Using the records that appear below, write out exactly the lines from the one with "How to fix instagram" through the one with "Let's Make A Card! Amuse Studio Calendar!", keeping both end lines.

RECORDS =
= Beginning of Section =

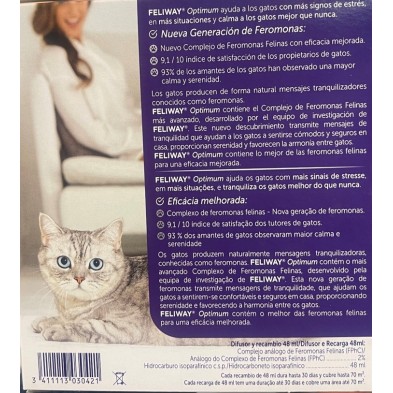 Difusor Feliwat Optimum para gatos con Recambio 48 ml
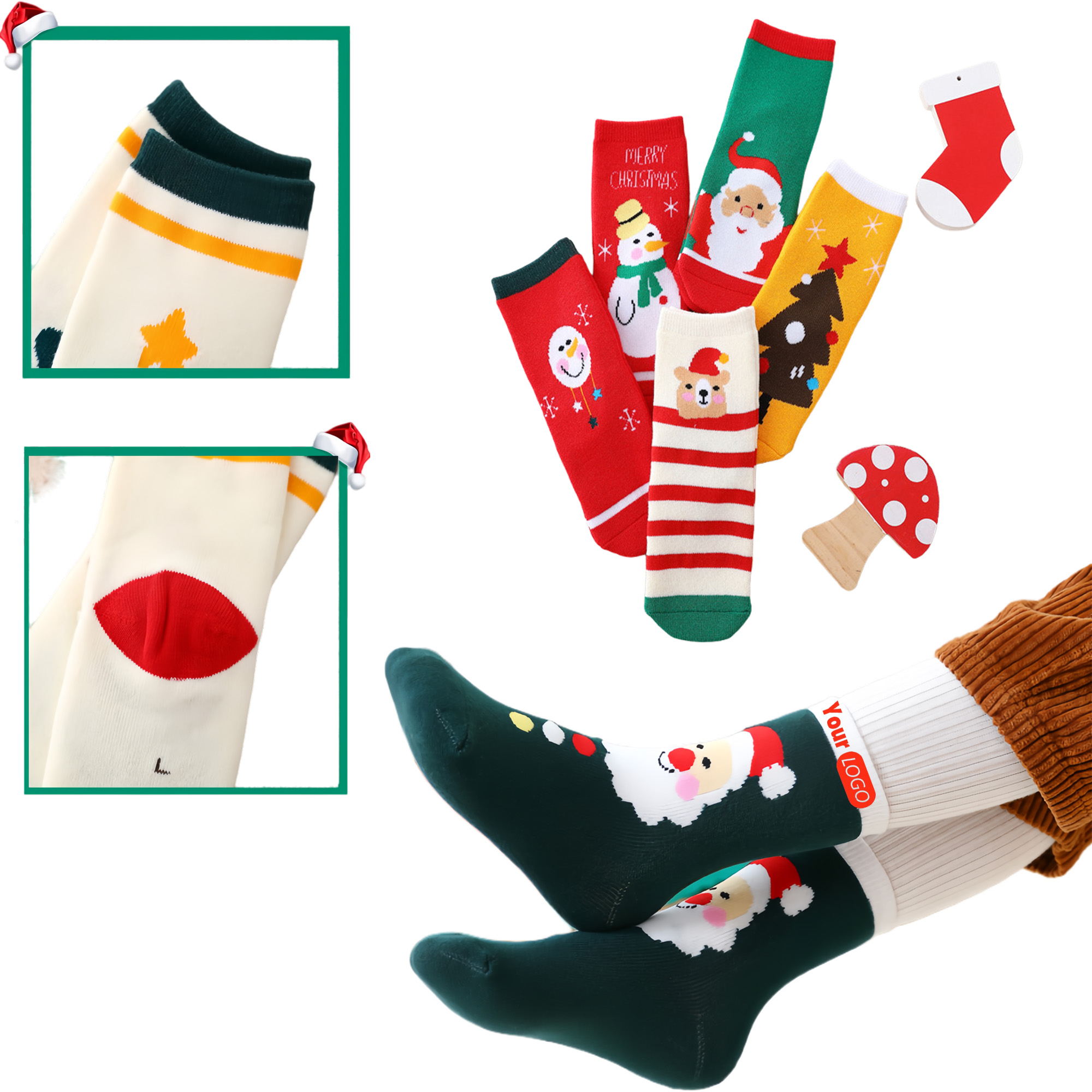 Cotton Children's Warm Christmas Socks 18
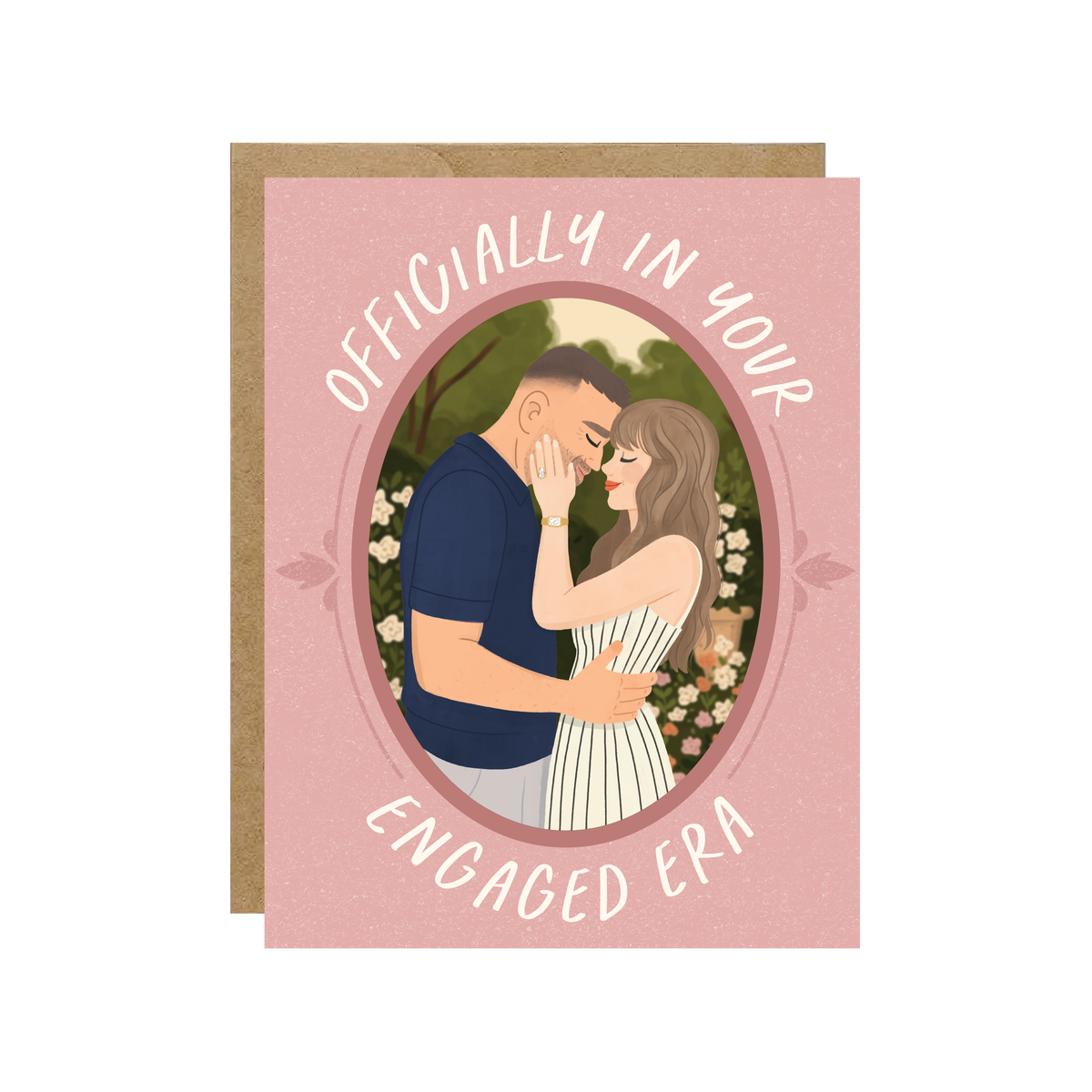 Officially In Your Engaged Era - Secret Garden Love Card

= End of Section =
= Beginning of Section =

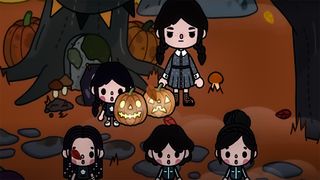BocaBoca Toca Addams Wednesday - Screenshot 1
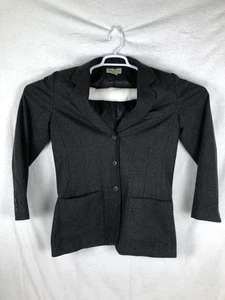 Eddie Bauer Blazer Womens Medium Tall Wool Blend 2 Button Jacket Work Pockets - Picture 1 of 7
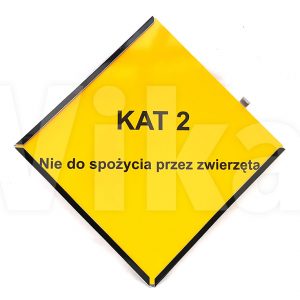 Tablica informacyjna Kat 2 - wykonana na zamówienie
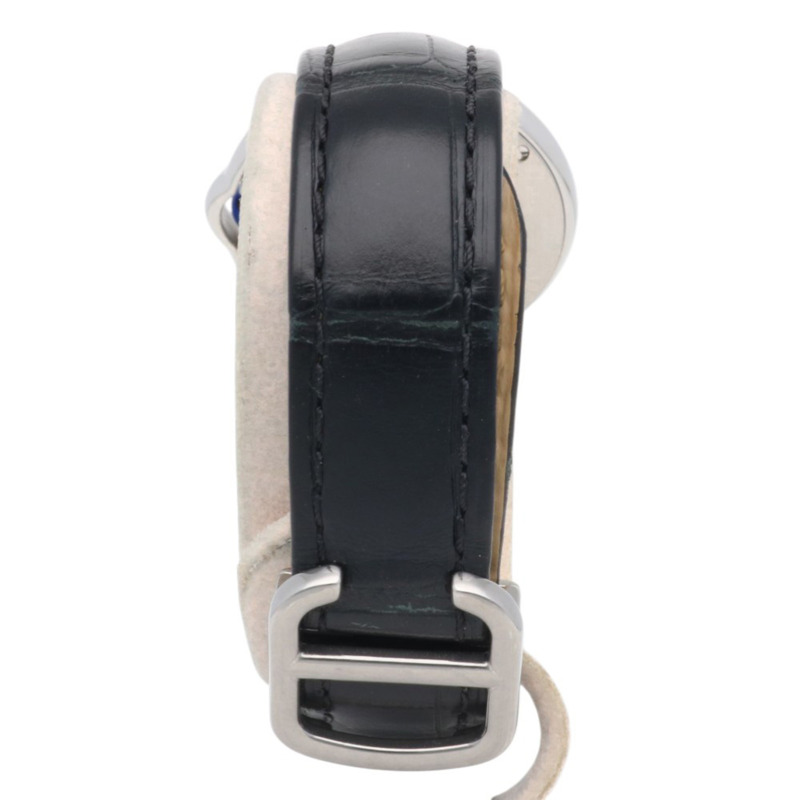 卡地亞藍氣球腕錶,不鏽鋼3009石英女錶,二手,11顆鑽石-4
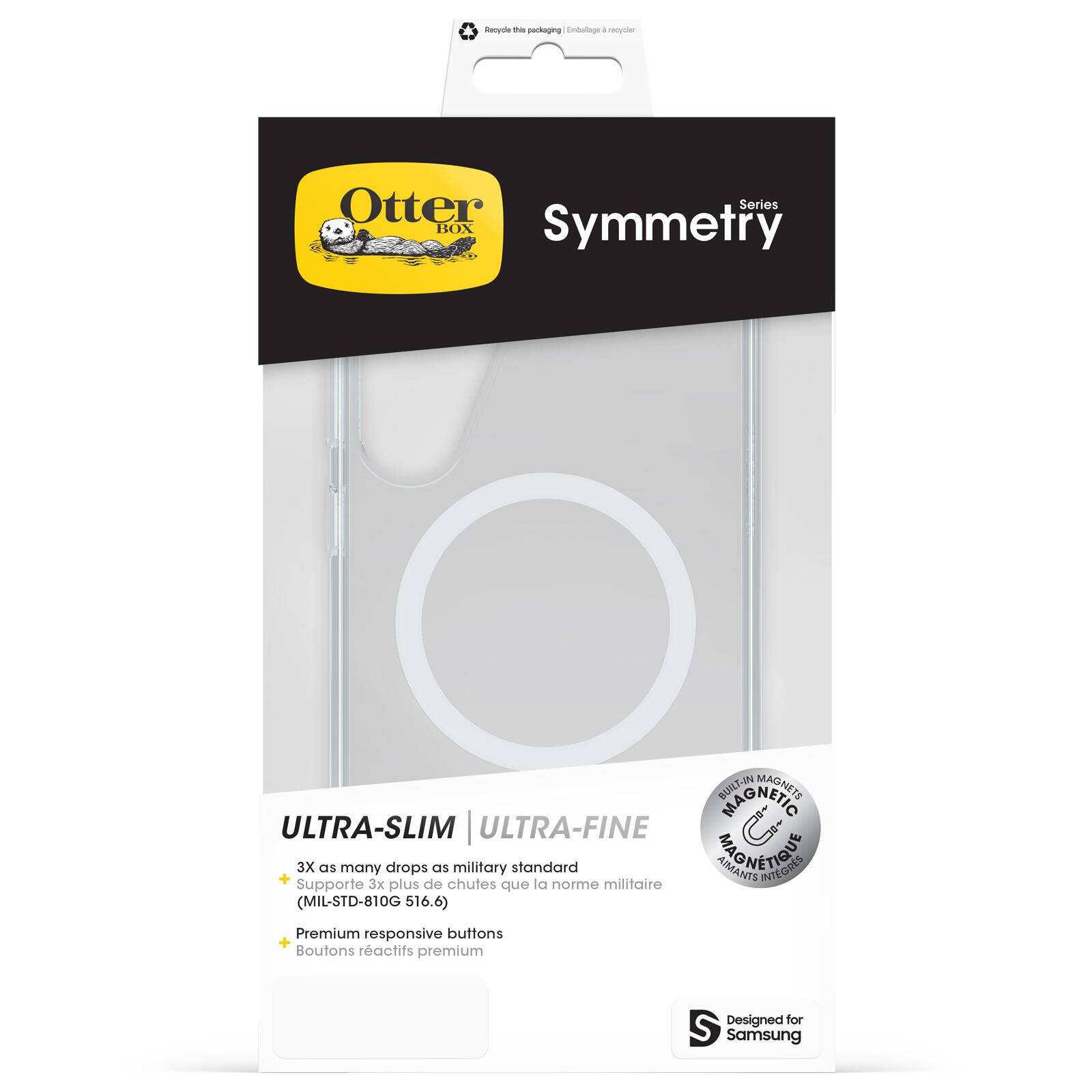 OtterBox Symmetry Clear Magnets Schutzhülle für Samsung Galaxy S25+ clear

= End of Section =
= Beginning of Section =

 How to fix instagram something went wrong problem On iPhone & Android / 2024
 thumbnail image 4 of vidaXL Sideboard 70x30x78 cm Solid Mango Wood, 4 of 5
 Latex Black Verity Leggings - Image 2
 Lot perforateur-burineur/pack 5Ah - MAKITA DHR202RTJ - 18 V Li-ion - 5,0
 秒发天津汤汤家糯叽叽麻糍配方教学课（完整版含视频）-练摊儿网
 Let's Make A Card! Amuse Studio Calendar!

= End of Section =

YOUR SOLUTION =
 How to fix instagram something went wrong problem On iPhone & Android / 2024
 thumbnail image 4 of vidaXL Sideboard 70x30x78 cm Solid Mango Wood, 4 of 5
 Latex Black Verity Leggings - Image 2
 Lot perforateur-burineur/pack 5Ah - MAKITA DHR202RTJ - 18 V Li-ion - 5,0
 秒发天津汤汤家糯叽叽麻糍配方教学课（完整版含视频）-练摊儿网
 Let's Make A Card! Amuse Studio Calendar!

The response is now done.